XML.com: XML From the Inside Out
oreilly.comSafari Bookshelf.Conferences.

advertisement

Combining RELAX NG and Schematron

February 11, 2004

Embedding Schematron Rules in RELAX NG

This article explains how to integrate two powerful XML schema languages, RELAX NG and Schematron. Embedding Schematron rules in RELAX NG is very simple because a RELAX NG validator ignores all elements not in the RELAX NG namespace (http://relaxng.org/ns/structure/1.0). This means that Schematron rules can be embedded in any element and on any level in a RELAX NG schema.

Here is a very simple RELAX NG schema that only defines one element, Root:


<?xml version="1.0" encoding="UTF-8"?>
<element name="Root" xmlns="http://relaxng.org/ns/structure/1.0">
   <text/>
</element>

Now if a Schematron rule should have the Root element as its context, this rule could be added as an embedded Schematron rule within the element element that defines the pattern for Root:


<?xml version="1.0" encoding="UTF-8"?>
<element name="Root" xmlns="http://relaxng.org/ns/structure/1.0">
   <sch:pattern name="Test constraints on the Root element" 
	 xmlns:sch="http://www.ascc.net/xml/schematron">
    <sch:rule context="Root">
      <sch:assert test="test-condition">Error message when 
		  the assertion condition is broken...</sch:assert>
    </sch:rule>
   </sch:pattern>
   <text/>
</element> 			

The Schematron rules embedded in a RELAX NG schema are inserted on the pattern level and must be declared in the Schematron namespace (http://www.ascc.net/xml/schematron).

Co-occurrence constraints

Although RELAX NG has better support for co-occurrence constraints than WXS, there are still many types of co-occurrence constraints that cannot be sufficiently defined. An example of such a co-occurrence constraint is when the relationship between two (or more) element/attribute values is expressed as a mathematical expression.

As an example, we use a schema that defines a very simple international purchase order.
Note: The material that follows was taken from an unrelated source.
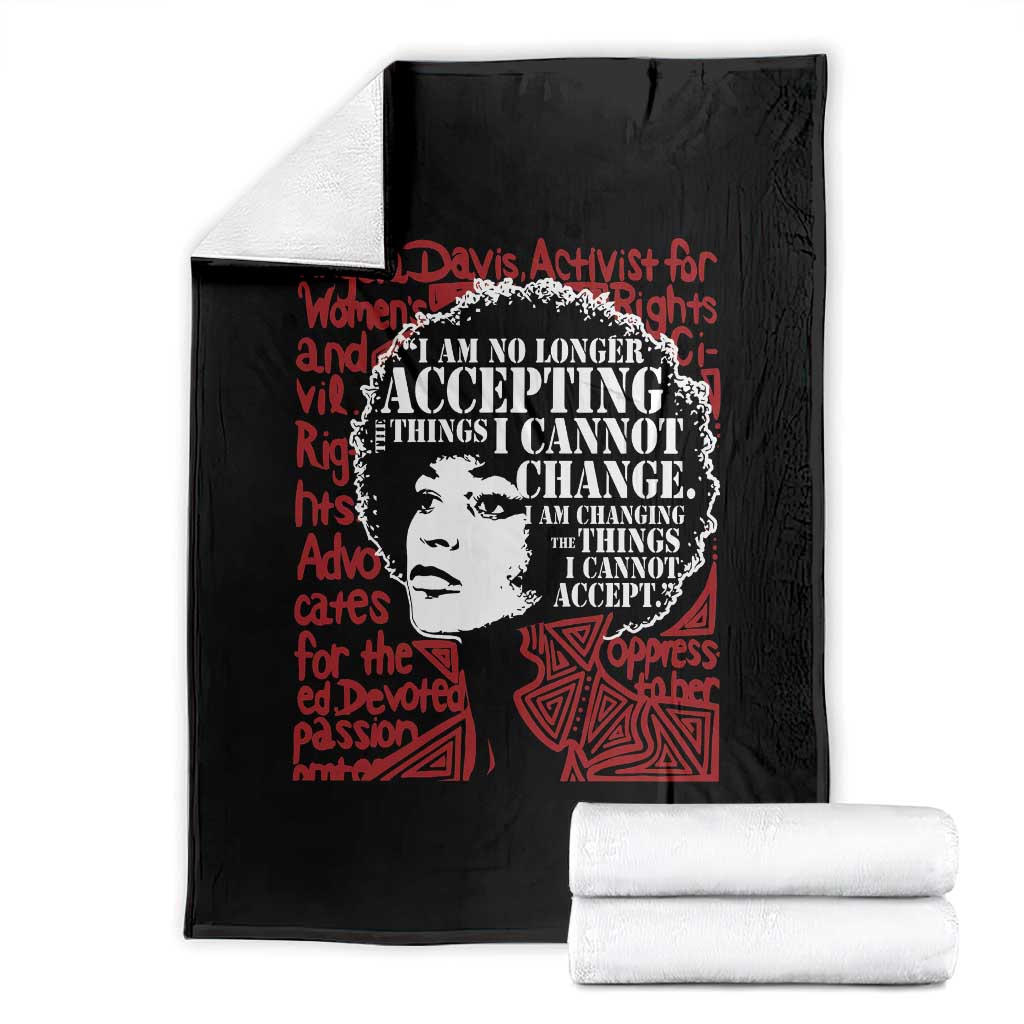 Angela Davis Inspirational Quote Throw Blanket Black History Month - Print Your Wear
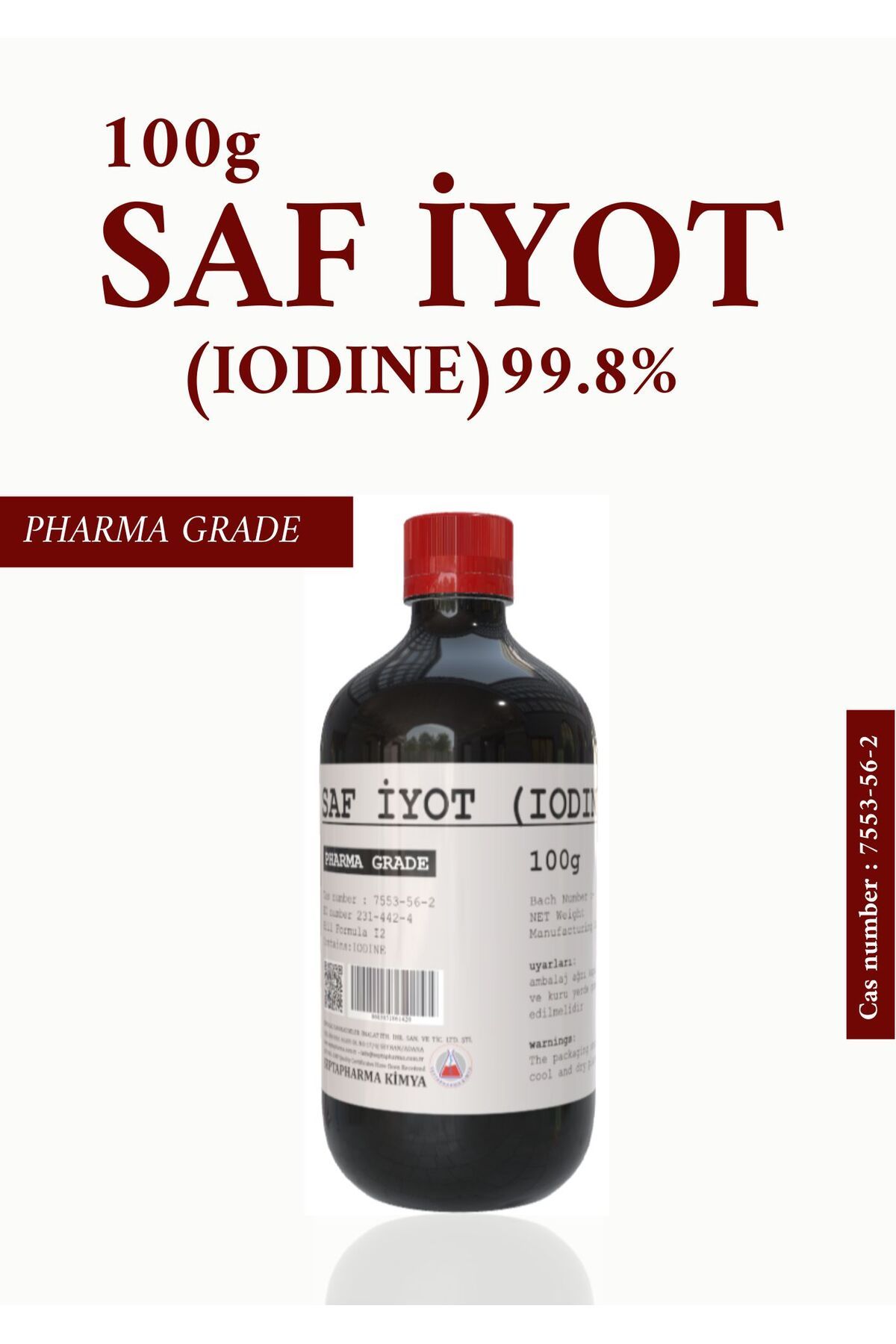 SEPTAPHARMA KIMYA Saf Iyot 100 gr Pharma Grade Iodine Cas 7553-56-2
This purchase order specifies the following:

  • The date of the order

  • An address to which the purchased products will be delivered

  • The items being purchased including an id, a name, a quantity, and a price with currency information)

  • Payment details including type of payment and total amount payable with currency information

Here is an example of an XML representation of such a purchase order:

<?xml version="1.0" encoding="UTF-8"?>
<purchaseOrder date="2002-10-22">
  <deliveryDetails>
    <name>John Doe</name>
    <address>123 Morgue Street, Death Valley</address>
    <phone>+61 2 9546 4146</phone>
  </deliveryDetails>
  <items>
    <item id="123-XY">
      <productName>Coffin</productName>
      <quantity>1</quantity>
      <price currency="AUD">2300</price>
      <totalAmount currency="AUD">2300</totalAmount>
    </item>
    <item id="112-AA">
      <productName>Shovel</productName>
      <quantity>2</quantity>
      <price currency="AUD">75</price>
      <totalAmount currency="AUD">150</totalAmount>
    </item>
  </items>
  <payment type="Prepaid">
    <amount currency="AUD">2450</amount>
  </payment>
</purchaseOrder>	

A real life purchase order would be much more complex, but for the purpose of this article, this example is sufficient. A RELAX NG schema for the purchase order could look like this:

<?xml version="1.0" encoding="UTF-8"?>
<grammar xmlns="http://relaxng.org/ns/structure/1.0"
datatypeLibrary="http://www.w3.org/2001/XMLSchema-datatypes">
  <start>
    <ref name="purchaseOrder"/>
  </start>
  <define name="purchaseOrder">
    <element name="purchaseOrder">
      <attribute name="date">
        <data type="date"/>
      </attribute>
      <ref name="deliveryDetails"/>
      <element name="items">
        <oneOrMore>
          <ref name="item"/>
        </oneOrMore>
      </element>
      <ref name="payment"/>
    </element>
  </define>
  <define name="deliveryDetails">
    <element name="deliveryDetails">
      <element name="name"><text/></element>
      <element name="address"><text/></element>
      <element name="phone"><text/></element>
    </element>
  </define>
  <define name="item">
    <element name="item">
      <attribute name="id">
        <data type="string">
          <param name="pattern">\d{3}-[A-Z]{2}</param>
        </data>
      </attribute>
      <element name="productName"><text/></element>
      <element name="quantity">
        <data type="int"/>
      </element>
      <element name="price">
        <ref name="currency"/>
      </element>
      <element name="totalAmount">
        <ref name="currency"/>
      </element>
    </element>
  </define>
  <define name="payment">
    <element name="payment">
      <attribute name="type">
        <choice>
          <value>Prepaid</value>
          <value>OnArrival</value>
        </choice>
      </attribute>
      <element name="amount">
        <ref name="currency"/>
      </element>
     </element>
  </define>
  <define name="currency">
    <attribute name="currency">
      <choice>
        <value>AUD</value>
        <value>USD</value>
        <value>SEK</value>
      </choice>
    </attribute>
    <data type="int"/>
  </define>
</grammar>	

This RELAX NG schema makes sure that all the required elements and attributes are present, and that some of these have the correct datatype. For example, all price information must have an integer value; the id of an item must be three digits, followed by a hyphen, followed by two uppercase letters; and the currency value must be one of AUD, USD or SEK. However, in a real world scenario it is more likely that you need to check more than the structure and the datatypes to make sure the purchase order is valid.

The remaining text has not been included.